== Segment start ==
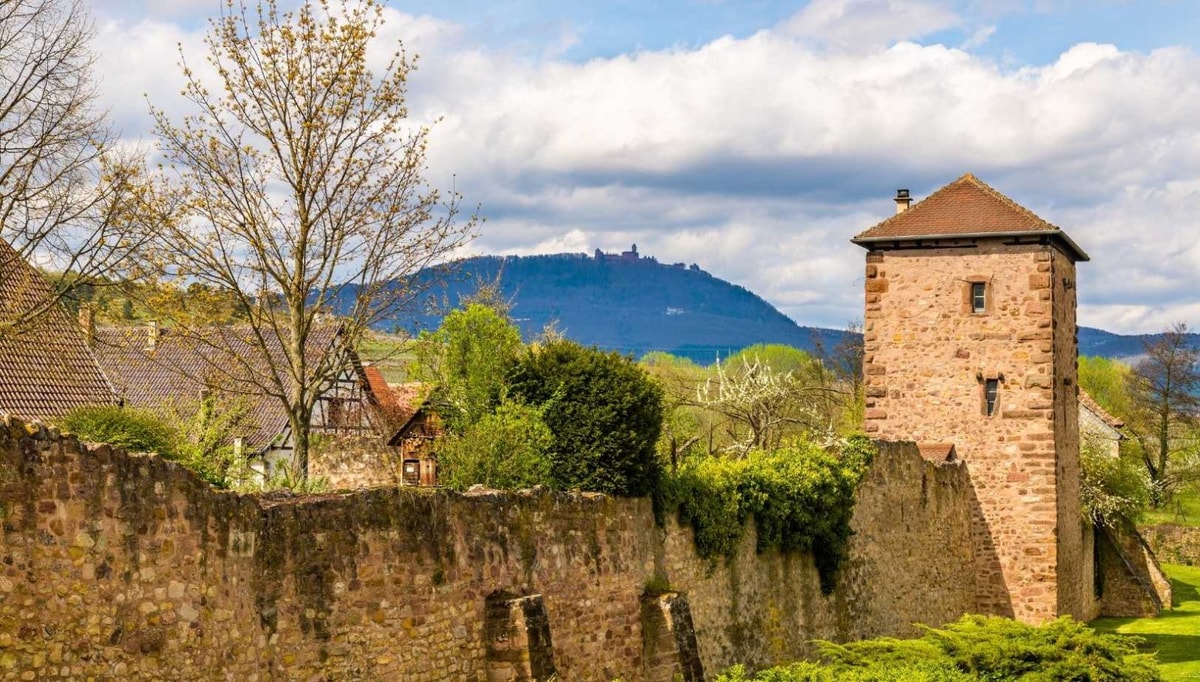 Entre vignobles et maisons à colombages : découvrez ce trésor caché de l'Alsace authentique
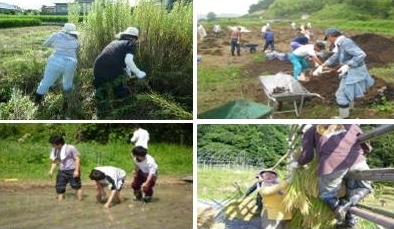 ボランティアの主な活動の様子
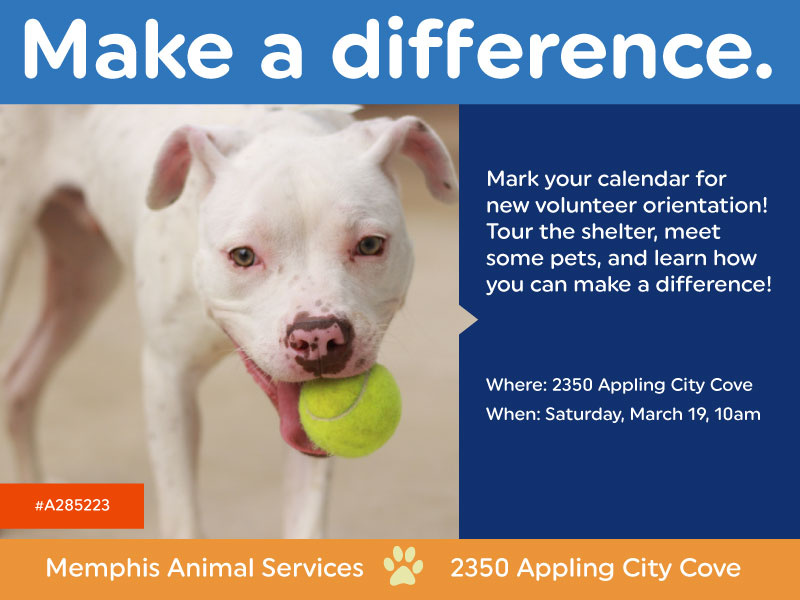 March Volunteer Ad for Memphis Animal Services by Beth Spencer on Dribbble
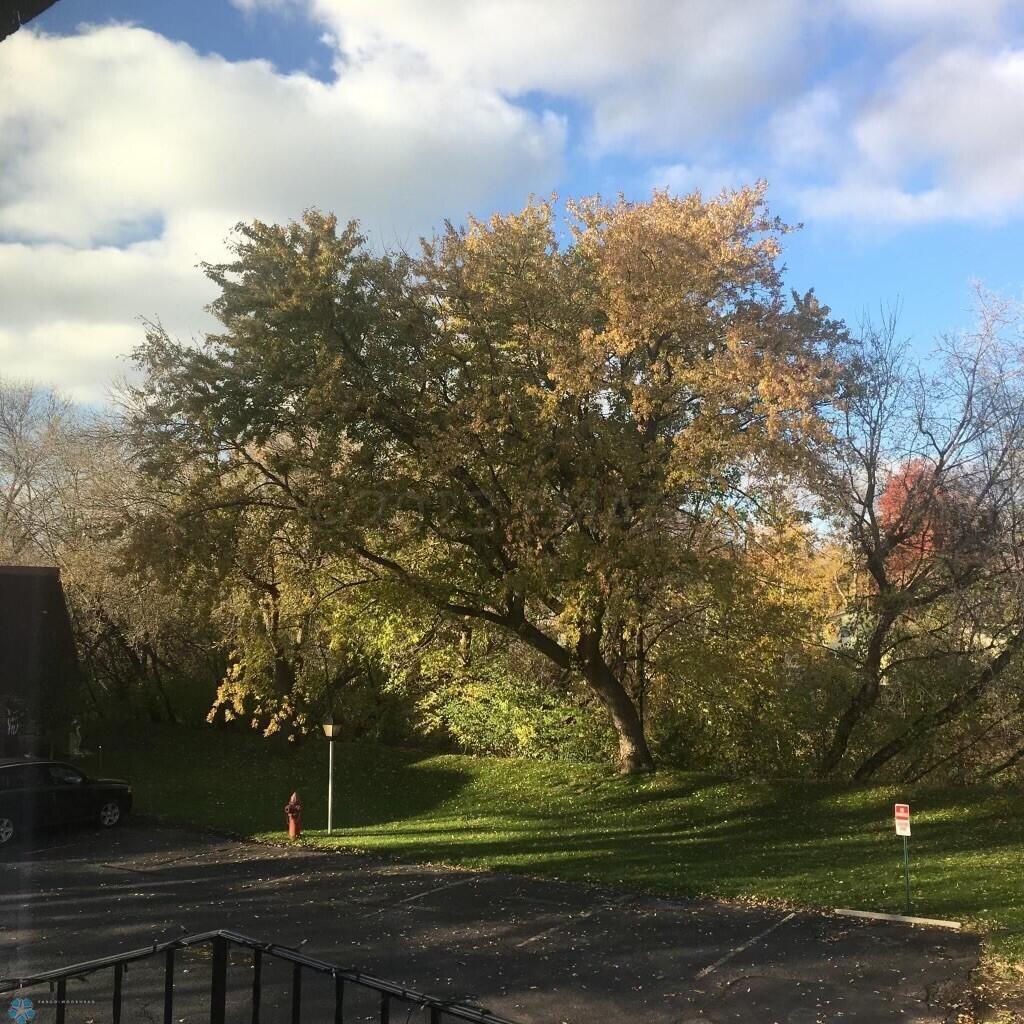 Autumn Trees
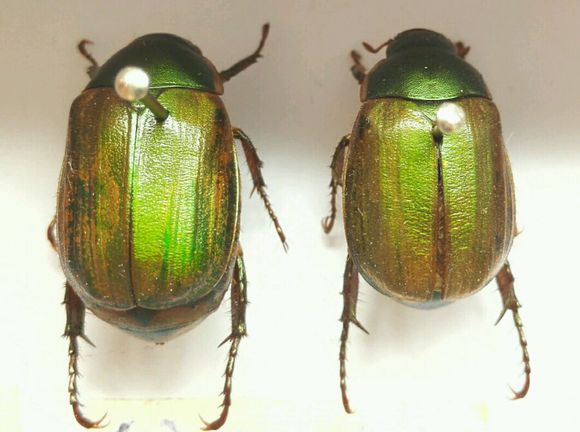 火狐电竞|不会打领带? 教你打领带5大方法(图1) 火狐电竞官网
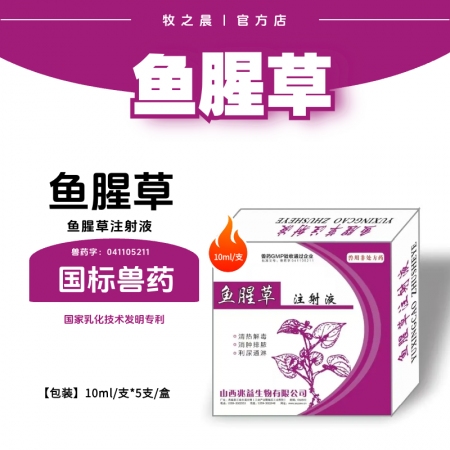 【牧之晨】魚腥草注射液10ml*5支/盒 清熱解毒 消腫排膿 利尿通淋主治肺癰痢疾乳癰 淋濁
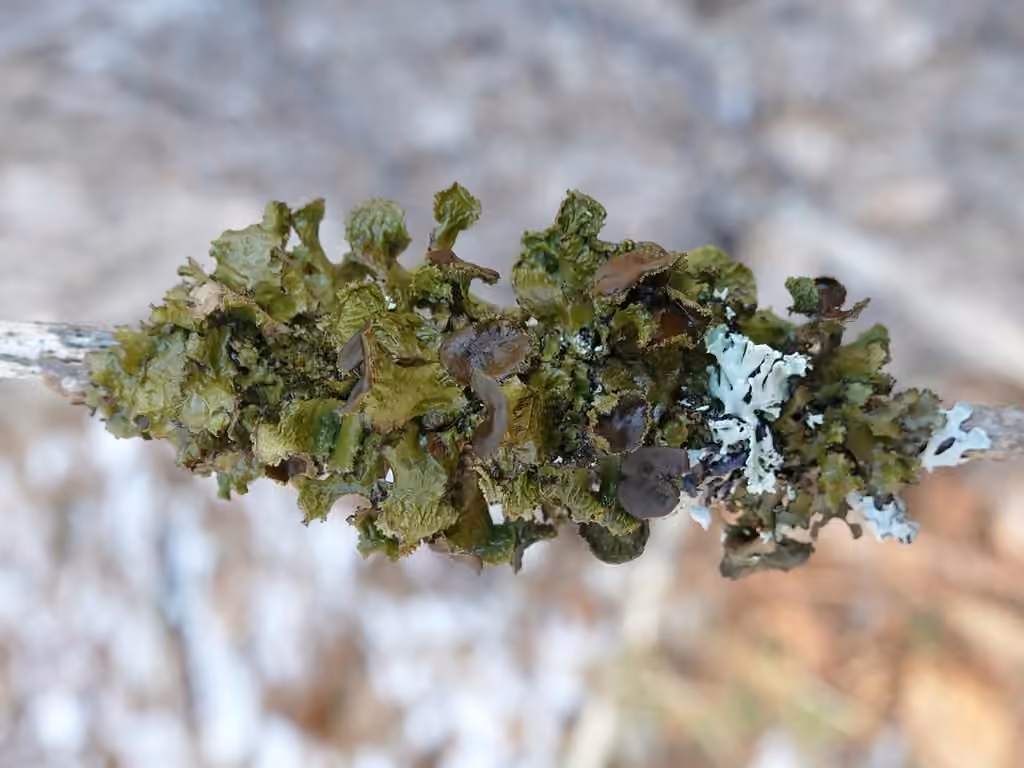 Fringed Wrinkle Lichen, photo 3 of 5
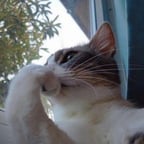  professional/Cassidy Cassidy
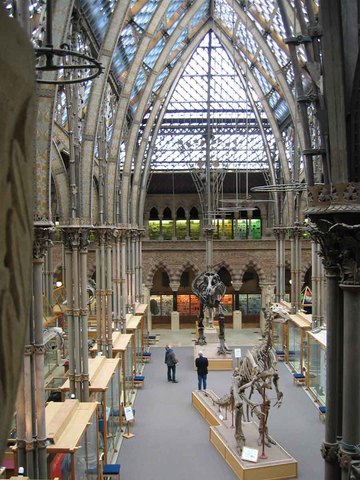 Museo de la Historia Natural de Oxford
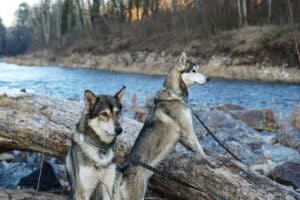 Husky-Trekking im Schwarzwald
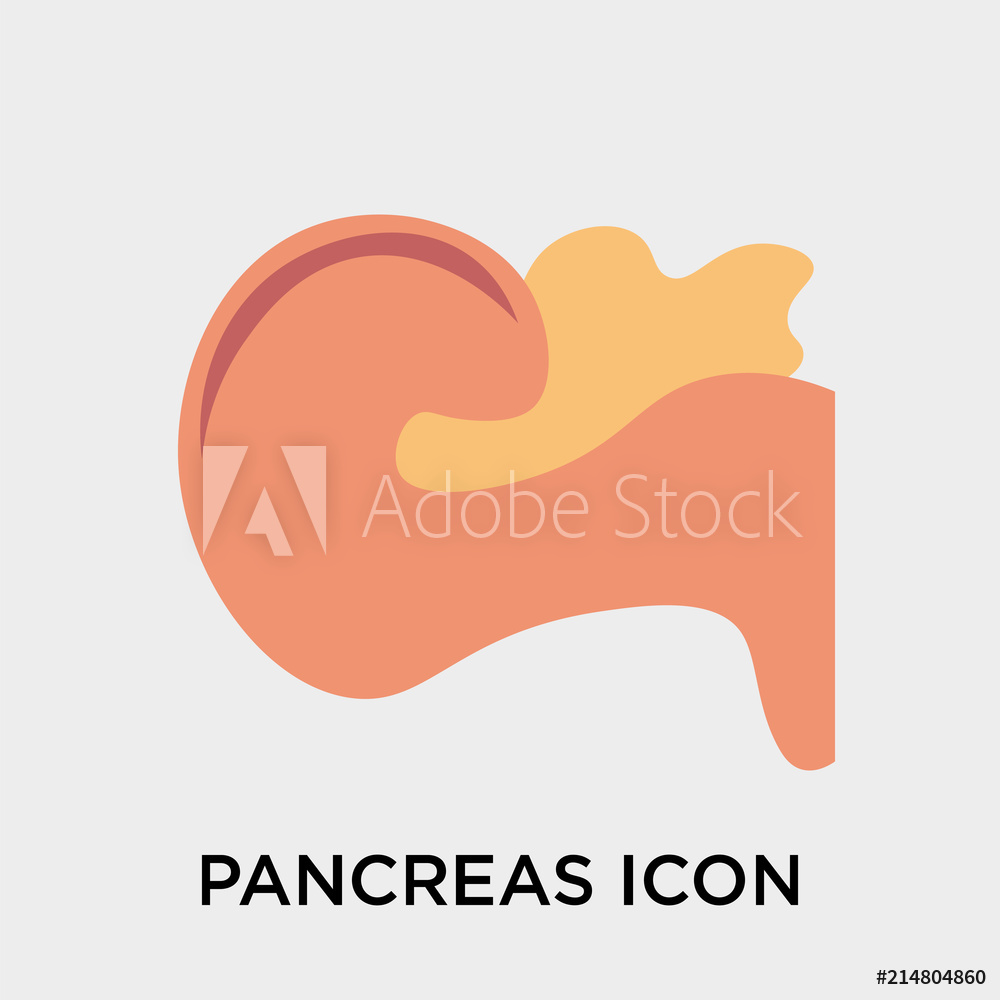 1000x1000 Photo Art Print Pancreas Icon Vector Sign And Symbol Isolated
== Segment end ==
→ **PROBLEM REQUIREMENTS**
Output the full set of records above without changing a word, and drop the images.

→ **EXERCISE RESULT**
 Entre vignobles et maisons à colombages : découvrez ce trésor caché de l'Alsace authentique
 ボランティアの主な活動の様子
 March Volunteer Ad for Memphis Animal Services by Beth Spencer on Dribbble
 Autumn Trees
 火狐电竞|不会打领带? 教你打领带5大方法(图1) 火狐电竞官网
 【牧之晨】魚腥草注射液10ml*5支/盒 清熱解毒 消腫排膿 利尿通淋主治肺癰痢疾乳癰 淋濁
 Fringed Wrinkle Lichen, photo 3 of 5
  professional/Cassidy Cassidy
 Museo de la Historia Natural de Oxford
 Husky-Trekking im Schwarzwald
 1000x1000 Photo Art Print Pancreas Icon Vector Sign And Symbol Isolated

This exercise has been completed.